» Given records:
-*-
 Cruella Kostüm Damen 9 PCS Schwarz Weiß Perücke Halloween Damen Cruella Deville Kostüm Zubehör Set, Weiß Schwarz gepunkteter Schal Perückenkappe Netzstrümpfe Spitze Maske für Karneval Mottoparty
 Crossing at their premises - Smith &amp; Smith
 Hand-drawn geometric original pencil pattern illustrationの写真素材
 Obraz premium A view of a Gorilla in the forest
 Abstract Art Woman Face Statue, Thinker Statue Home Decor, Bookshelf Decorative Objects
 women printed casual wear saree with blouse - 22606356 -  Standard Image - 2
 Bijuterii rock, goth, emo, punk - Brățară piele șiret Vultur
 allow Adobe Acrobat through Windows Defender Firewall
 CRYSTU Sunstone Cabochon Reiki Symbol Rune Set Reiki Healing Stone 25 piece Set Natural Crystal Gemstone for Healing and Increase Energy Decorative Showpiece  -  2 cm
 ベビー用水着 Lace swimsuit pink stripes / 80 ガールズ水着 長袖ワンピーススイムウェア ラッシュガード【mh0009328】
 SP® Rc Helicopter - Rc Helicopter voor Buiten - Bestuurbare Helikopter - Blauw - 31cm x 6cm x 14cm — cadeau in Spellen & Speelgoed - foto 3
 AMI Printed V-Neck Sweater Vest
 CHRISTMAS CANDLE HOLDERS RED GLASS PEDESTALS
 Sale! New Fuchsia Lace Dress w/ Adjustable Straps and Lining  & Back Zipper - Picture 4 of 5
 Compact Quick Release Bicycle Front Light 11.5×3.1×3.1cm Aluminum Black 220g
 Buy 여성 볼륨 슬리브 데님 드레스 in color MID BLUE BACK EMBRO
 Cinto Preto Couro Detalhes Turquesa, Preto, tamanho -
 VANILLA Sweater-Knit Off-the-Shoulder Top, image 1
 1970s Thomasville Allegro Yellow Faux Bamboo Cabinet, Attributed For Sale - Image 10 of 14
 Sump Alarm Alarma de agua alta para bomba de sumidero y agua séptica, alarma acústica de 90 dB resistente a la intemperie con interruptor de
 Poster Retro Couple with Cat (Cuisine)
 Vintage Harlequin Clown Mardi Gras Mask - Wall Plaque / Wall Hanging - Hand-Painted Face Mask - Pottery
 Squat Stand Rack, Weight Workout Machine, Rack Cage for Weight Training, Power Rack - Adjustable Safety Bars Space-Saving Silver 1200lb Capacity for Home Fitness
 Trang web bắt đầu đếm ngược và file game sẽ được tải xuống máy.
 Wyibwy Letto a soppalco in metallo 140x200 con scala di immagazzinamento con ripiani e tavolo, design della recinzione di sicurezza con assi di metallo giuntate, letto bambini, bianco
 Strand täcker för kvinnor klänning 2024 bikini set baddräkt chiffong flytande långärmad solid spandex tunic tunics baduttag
-*-
» Exercise description: Whatever the entries say, repeat all of them exactly.

» Solved exercise:
 Cruella Kostüm Damen 9 PCS Schwarz Weiß Perücke Halloween Damen Cruella Deville Kostüm Zubehör Set, Weiß Schwarz gepunkteter Schal Perückenkappe Netzstrümpfe Spitze Maske für Karneval Mottoparty
 Crossing at their premises - Smith &amp; Smith
 Hand-drawn geometric original pencil pattern illustrationの写真素材
 Obraz premium A view of a Gorilla in the forest
 Abstract Art Woman Face Statue, Thinker Statue Home Decor, Bookshelf Decorative Objects
 women printed casual wear saree with blouse - 22606356 -  Standard Image - 2
 Bijuterii rock, goth, emo, punk - Brățară piele șiret Vultur
 allow Adobe Acrobat through Windows Defender Firewall
 CRYSTU Sunstone Cabochon Reiki Symbol Rune Set Reiki Healing Stone 25 piece Set Natural Crystal Gemstone for Healing and Increase Energy Decorative Showpiece  -  2 cm
 ベビー用水着 Lace swimsuit pink stripes / 80 ガールズ水着 長袖ワンピーススイムウェア ラッシュガード【mh0009328】
 SP® Rc Helicopter - Rc Helicopter voor Buiten - Bestuurbare Helikopter - Blauw - 31cm x 6cm x 14cm — cadeau in Spellen & Speelgoed - foto 3
 AMI Printed V-Neck Sweater Vest
 CHRISTMAS CANDLE HOLDERS RED GLASS PEDESTALS
 Sale! New Fuchsia Lace Dress w/ Adjustable Straps and Lining  & Back Zipper - Picture 4 of 5
 Compact Quick Release Bicycle Front Light 11.5×3.1×3.1cm Aluminum Black 220g
 Buy 여성 볼륨 슬리브 데님 드레스 in color MID BLUE BACK EMBRO
 Cinto Preto Couro Detalhes Turquesa, Preto, tamanho -
 VANILLA Sweater-Knit Off-the-Shoulder Top, image 1
 1970s Thomasville Allegro Yellow Faux Bamboo Cabinet, Attributed For Sale - Image 10 of 14
 Sump Alarm Alarma de agua alta para bomba de sumidero y agua séptica, alarma acústica de 90 dB resistente a la intemperie con interruptor de
 Poster Retro Couple with Cat (Cuisine)
 Vintage Harlequin Clown Mardi Gras Mask - Wall Plaque / Wall Hanging - Hand-Painted Face Mask - Pottery
 Squat Stand Rack, Weight Workout Machine, Rack Cage for Weight Training, Power Rack - Adjustable Safety Bars Space-Saving Silver 1200lb Capacity for Home Fitness
 Trang web bắt đầu đếm ngược và file game sẽ được tải xuống máy.
 Wyibwy Letto a soppalco in metallo 140x200 con scala di immagazzinamento con ripiani e tavolo, design della recinzione di sicurezza con assi di metallo giuntate, letto bambini, bianco
 Strand täcker för kvinnor klänning 2024 bikini set baddräkt chiffong flytande långärmad solid spandex tunic tunics baduttag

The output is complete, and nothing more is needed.